Start at an early age if you want to teach children economic sense and sensibility.
Even children of four are aware of the power of money. If they ask for an ice cream and you reply that you don't have money on you, they will learn that they can't have what they want at that time.
Next time they'll first ask if you have money and only then ask for the ice cream.
A fiscally responsible parent should use this awareness to begin educating children about sound money management.
Children need to learn that money has to be earned by hard work and that it doesn't grow on trees. This shows them they need to make choices about how they spend it.
If children ask for chocolate and ice cream, tell them you have money for only one treat, and they should decide which they prefer.
As they get older and begin to get pocket money, they will soon learn they have to make spending choices.
Later you can introduce the concept of saving. Tell the children if they want an expensive toy they need to save their weekly pocket money until they have enough to buy it.
Managing money is all about making choices, and sometimes sacrifices. The sooner children learn this, the better.
Teenagers are notorious for their spending habits, but these years are critical. How teens channel their financial urges will usually determine how they manage their money as adults.
Children must respect the value of money, whether they earn it or it is given to them.
Even the most privileged children, who know they are destined to receive a large inheritance or are beneficiaries of a substantial trust fund - which means they will never need to work - need to know the power of money.
Part of the parents' role is to teach by example and make sure they are sending their children the right messages about money.

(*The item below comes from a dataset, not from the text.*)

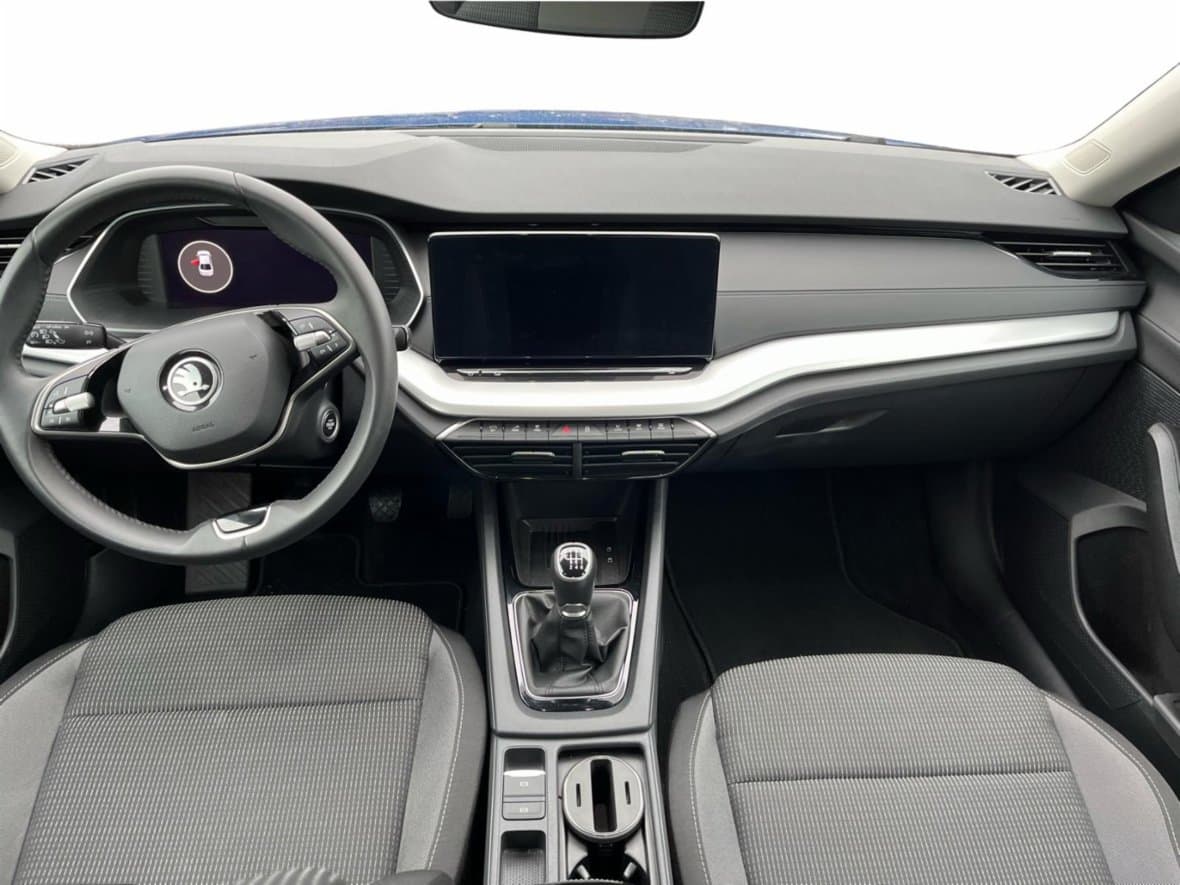 2024 Škoda Octavia - 5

Children need to see their parents paying bills, depositing money in savings accounts and giving to charity, if possible.
Give them practical examples so they learn to understand the concept of financial responsibilities. Make them pay their cellphone bill for a month or two and they will soon learn that instant gratification is costly and expenses need to be managed by a budget.
Financial responsibility is an important part of a child's education and is essential to their financial well-being as adults. But don't become so preoccupied with these responsibilities that they become a bone of contention.
If a child asks for an ice cream on a hot summer's day, give it gladly without preaching. After all, ice cream is one of the simple joys of childhood and money worries can wait awhile.